··· Data for processing

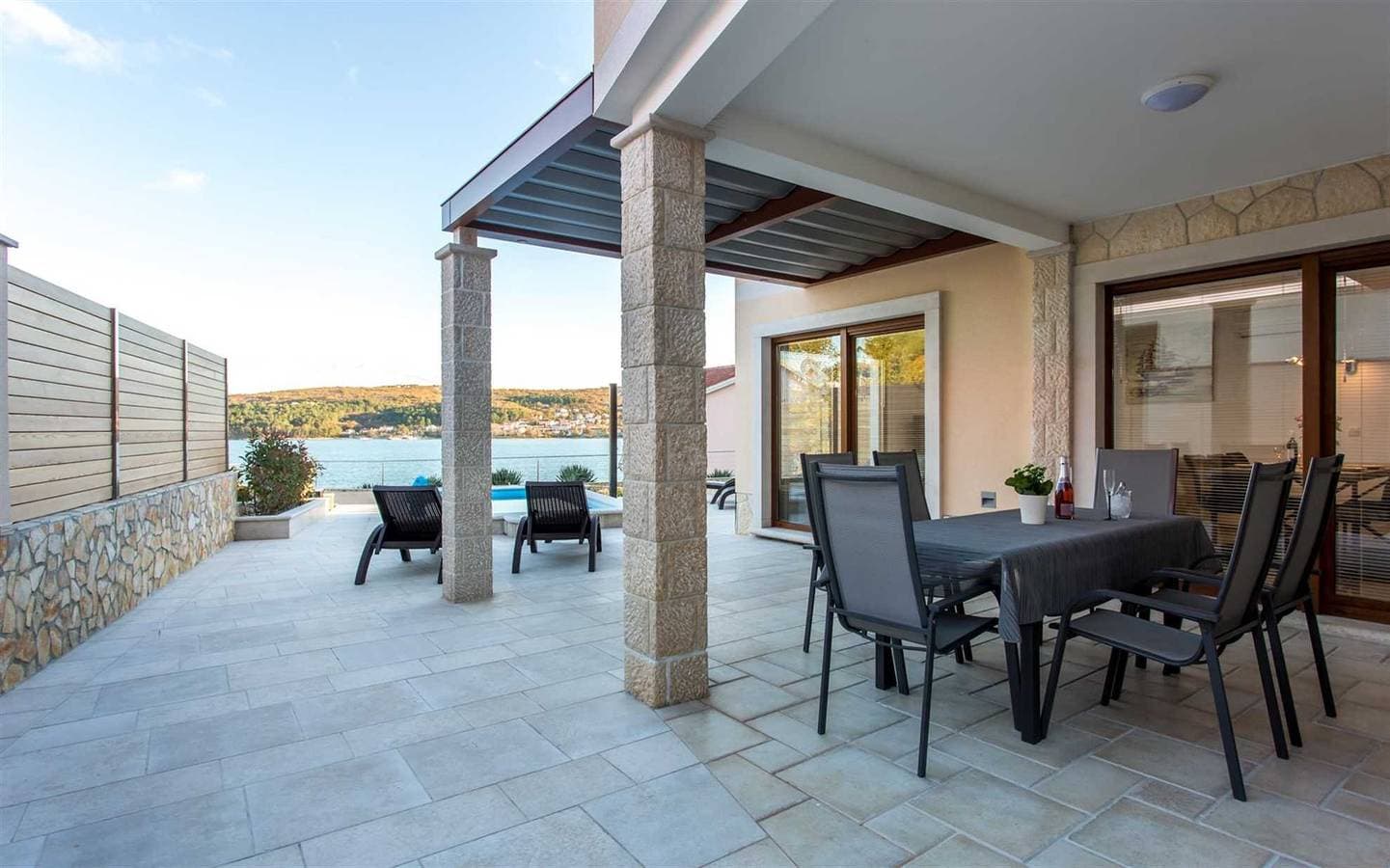 Foto 4 von 43: Strand Villa Ema mit Panoramablick auf das Meer, Pool, Garage, Grill & Spielzimmer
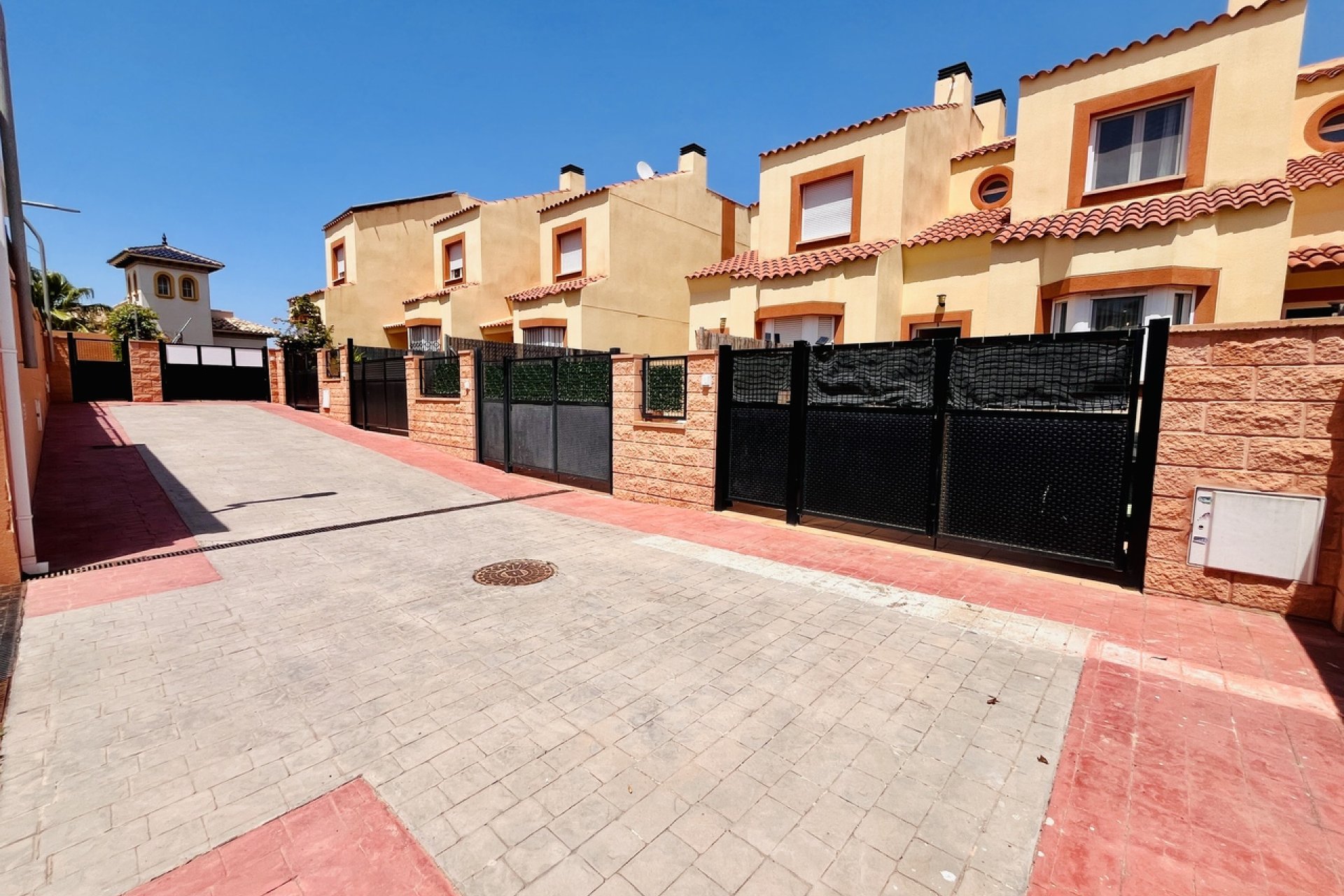 Resale - Townhouse - Cabo Roig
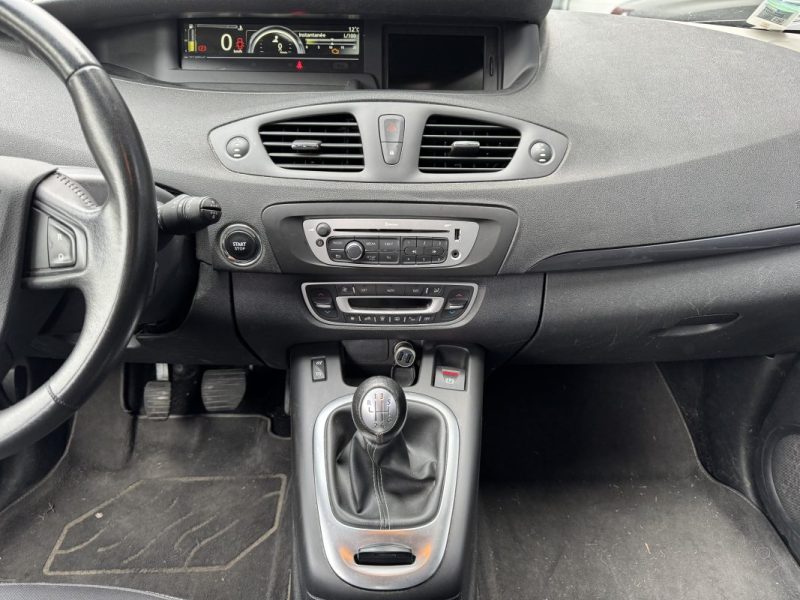 Renault Grand Scenic III 1.2 TCE 130ch Limited - 7 places - 1ère Main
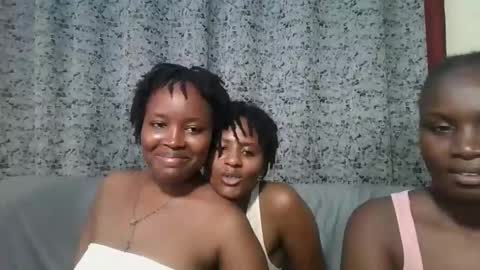 Snapshot of brunnette_blonde chatting on March 2026 07:09:01 PM everyday online show from March 2026 07:09:01 PM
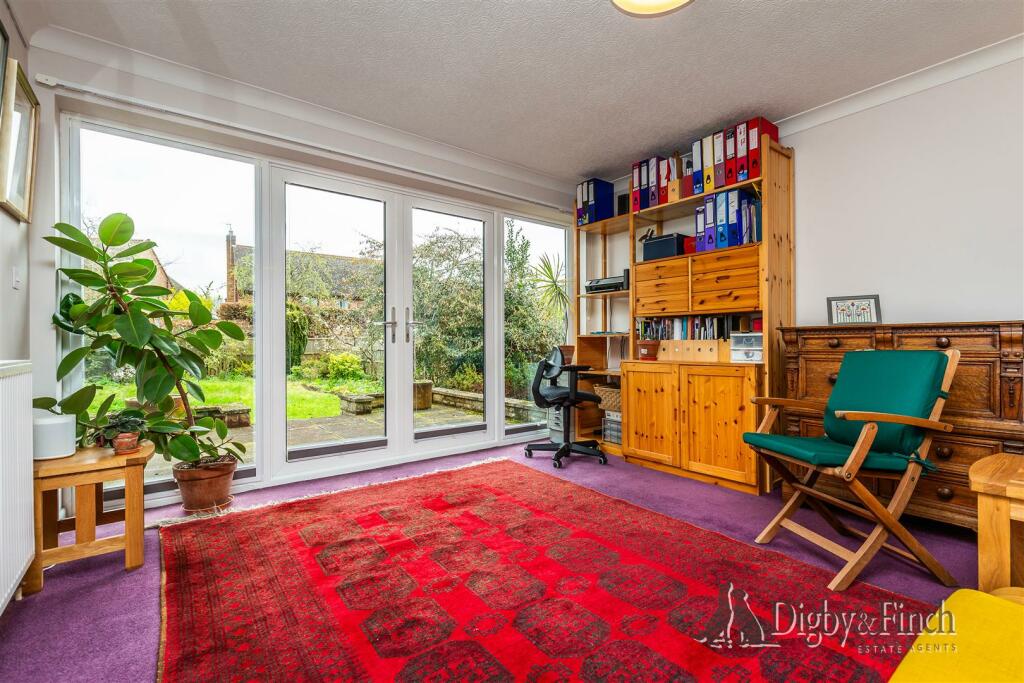 16 Roman Bank Stamford PE9 2SS-25watermarked.jpg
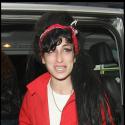 Amy Winehouse est rentrée à toute vitesse en Angleterre... pour retrouver son mari ?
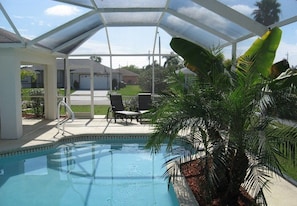 Outdoor pool - Yvonne by 123cape VR (Cape Coral)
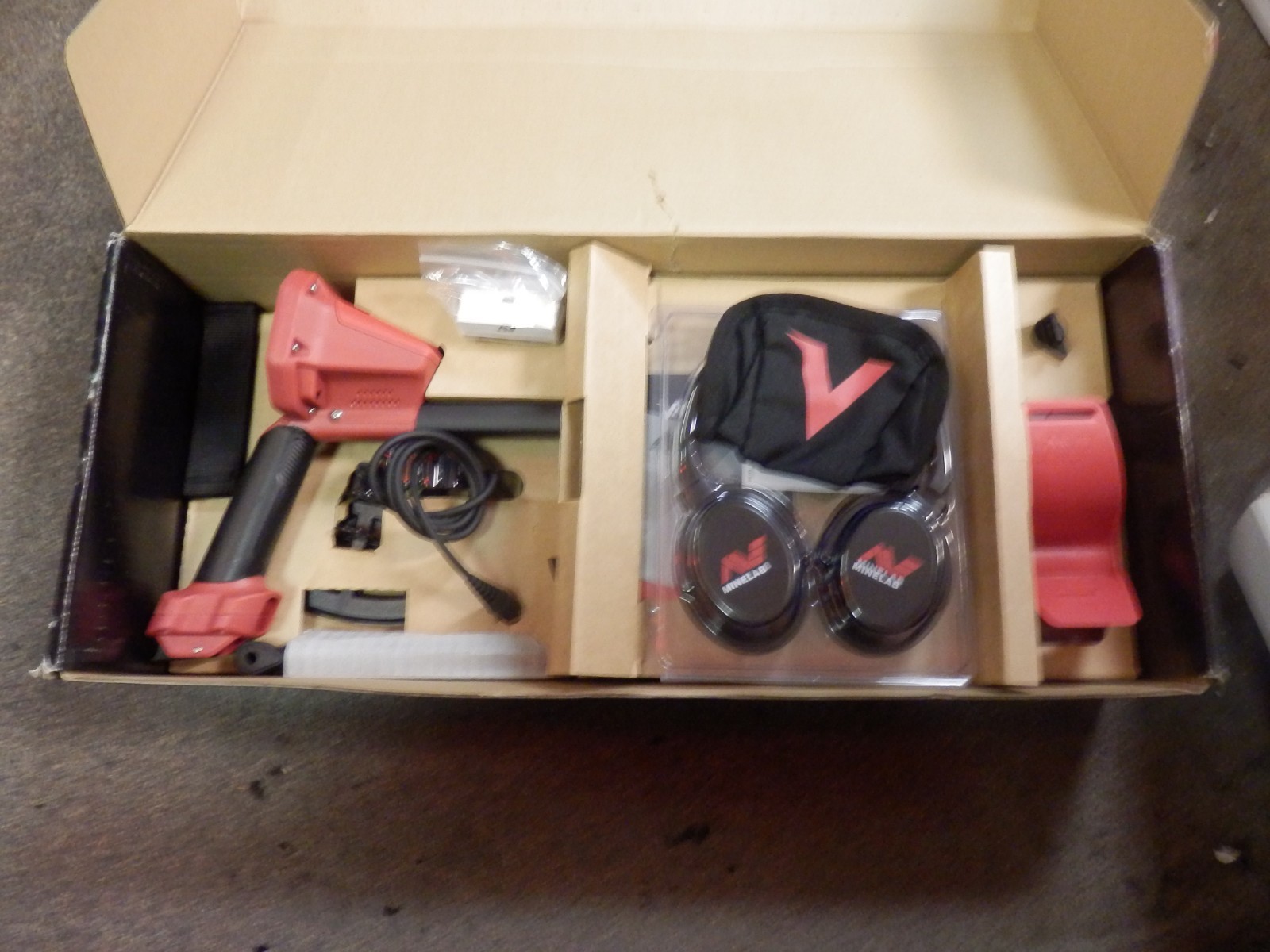 Minelab VANQUISH 540 Pro Pack Metal Detector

······

= Task brief =
In the records above, find the line containing "16 Roman Bank". Reproduce it and every line after it through the last line, omitting pictures.

= Response to this task =
 16 Roman Bank Stamford PE9 2SS-25watermarked.jpg
 Amy Winehouse est rentrée à toute vitesse en Angleterre... pour retrouver son mari ?
 Outdoor pool - Yvonne by 123cape VR (Cape Coral)
 Minelab VANQUISH 540 Pro Pack Metal Detector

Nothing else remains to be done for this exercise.